- [Prompt]: Repeat the listing word for word. No pictures belong in the copy.

- [The data]:

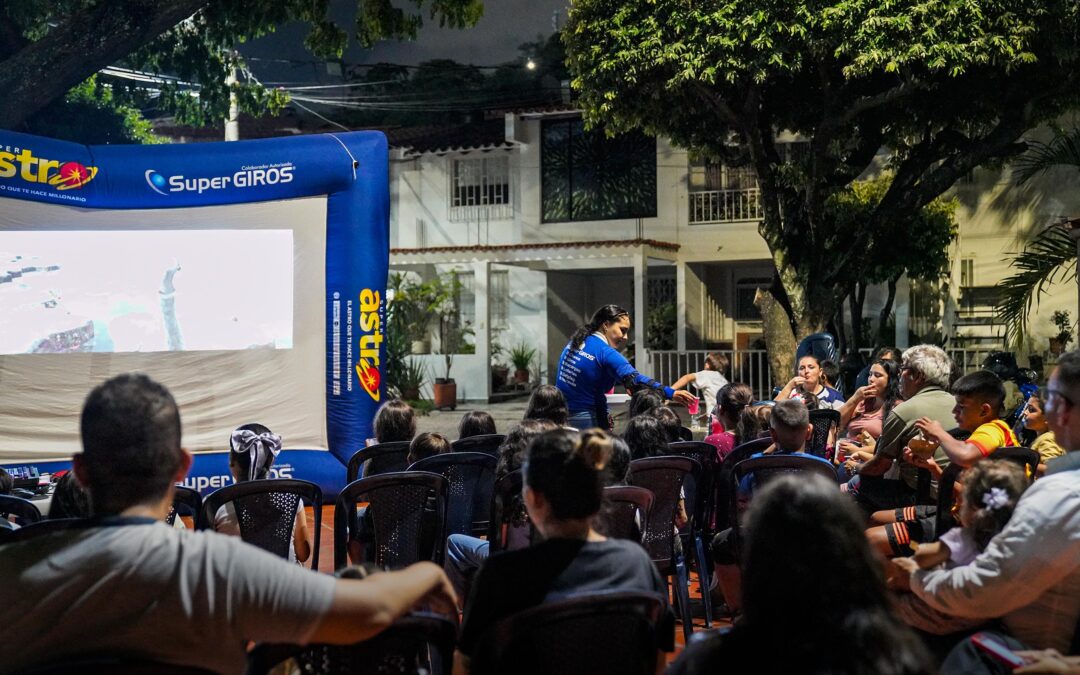 CINE AL BARRIO EN URBANIZACIÓN LA ALAMEDA: UNA NOCHE DE DIVERSIÓN Y COMUNIDAD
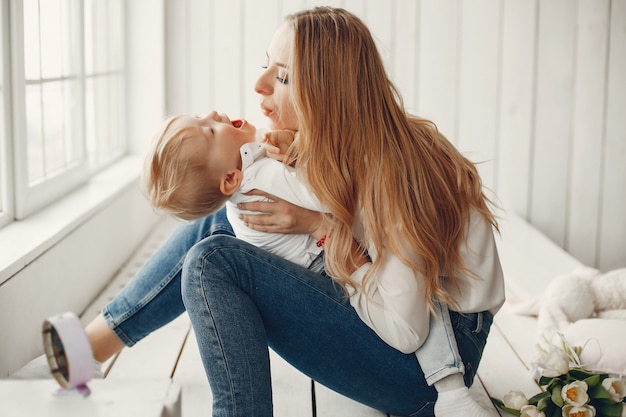 Mère avec petit fils dans une chambre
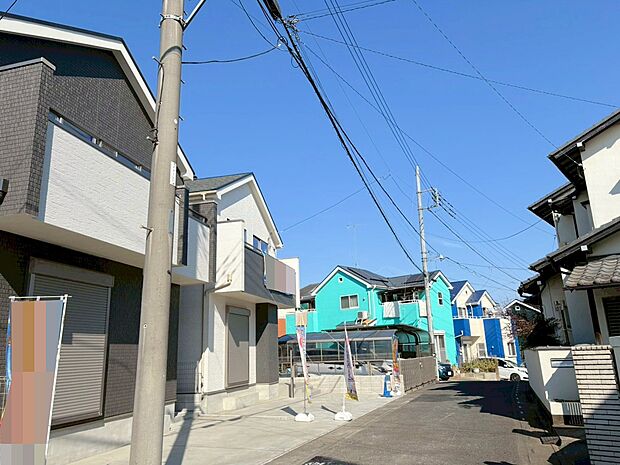 南公道に面した明るい邸宅。全居室2面採光で陽当たり・通風良好です。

- [Written answer]:
 CINE AL BARRIO EN URBANIZACIÓN LA ALAMEDA: UNA NOCHE DE DIVERSIÓN Y COMUNIDAD
 Mère avec petit fils dans une chambre
 南公道に面した明るい邸宅。全居室2面採光で陽当たり・通風良好です。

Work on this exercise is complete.